The invention discloses a method for determining the content of calcitriol soft capsules. The method adopts a self-made kaolin-SPE chromatographic column, uses kaolin to adsorb calcitriol, and completes the purification and enrichment of calcitriol. SPE‑HPLC analytical method for the content determination of triol soft capsules: solid-phase extraction adsorbent, solid-phase extraction method; configuration of analysis solution; use of reversed-phase chromatography column, acetonitrile and water as mobile phases, and gradient elution method; The resulting analytical solution was assayed by HPLC-DAD. The invention can effectively and accurately determine the content of the calcitriol soft capsule, thereby ensuring the quality of the product is controllable. This method is the first attempt to use natural kaolin as a solid-phase extraction sorbent for sample detection in lipid-soluble matrices, and after detailed optimization of the SPE conditions, a cost-effective SPE purification method is established. This method is in line with the idea of "green chemistry" and promotes natural materials in the field of pharmaceutical analysis.
Description
Technical Field
The invention relates to the technical field of pharmaceutical analysis, in particular to a method for determining the content of calcitriol soft capsules by an SPE-HPLC method based on kaolin.
Background
Calcitriol is a common vitamin D medicament for clinically treating osteoporosis, chronic kidney diseases and abnormal bone metabolism. Vitamin D does not function as a prototype in humans, and requires two-step hydroxylation in the liver and kidney for eventual conversion to 1, 25-dihydroxyvitamin D3I.e. calcitriol. Calcitriol is the most active vitamin D metabolite in human body, and the physiological activity of calcitriol is monohydroxylated 1, 25-hydroxyvitamin D3(alfacalcidol) 1000 times higher. Since 1 α -hydroxylase activity in the kidney of the elderly is almost lost, vitamin D cannot be transformed, and alfacalcidol burdens the liver for patients with liver disease, its application range is limited. On the contrary, calcitriol does not need to be metabolized by liver and kidney, and has high physiological activity, so the calcitriol has more advantages.

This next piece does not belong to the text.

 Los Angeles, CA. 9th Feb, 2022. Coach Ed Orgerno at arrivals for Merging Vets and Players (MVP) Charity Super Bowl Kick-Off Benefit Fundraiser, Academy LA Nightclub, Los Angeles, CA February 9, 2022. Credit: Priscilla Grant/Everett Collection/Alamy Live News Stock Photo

Calcitriol is unstable in nature and sensitive to air and light, which can cause isomerization at high temperature. Therefore, the calcitriol is dissolved in a proper fat-soluble matrix to prepare a soft capsule form, so that light and air can be isolated to a certain extent, the stability of the calcitriol is ensured, and the bioavailability is increased. However, the calcitriol soft capsule content was very low (1.55. mu.g.g)-1) Calcitriol accounts for only 0.0015% relative to the very high fat-soluble matrix. Therefore, in order to realize accurate quantification of calcitriol soft capsules, a suitable sample pretreatment method is urgently required to be found to eliminate interference of a fat-soluble matrix.
In recent years, traditional fillers have been widely used to adsorb trace amounts of compounds in complex matrices. However, the traditional adsorbent has complicated preparation procedures, and the preparation process of the material also involves consumption of a plurality of organic reagents and solvents, which has harmful effects on the environment and is not beneficial to environmental protection. Therefore, the search for green adsorbents has become a problem to be solved urgently.

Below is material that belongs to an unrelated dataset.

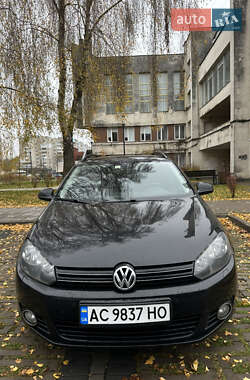 Универсал Volkswagen Golf 2010 в Луцке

Clay mineral materials have received much attention because of their low cost, ready availability and environmental friendliness. The chemical composition of the kaolin is 39.5 percent of Al2O346.5% SiO2And 14.0% of H2O (in mass%). It is laminated by two different interlayer surfaces. The first side of the layer is composed of silicon dioxide and the second side has six-fold O-coordinated aluminum atoms of hydroxyl groups. The layers of kaolin are held together by hydrogen bonds, dipole-dipole interactions and van der waals forces. The kaolin has abundant mineral resources, and is widely applied to different fields due to the characteristics of abundant reserves, good chemical stability, easy modification and the like. The modified kaolin composites are considered to be effective adsorbents for the removal of dyes and heavy metals. However, the use of kaolin composites for sample detection in a lipid-soluble matrix is lacking.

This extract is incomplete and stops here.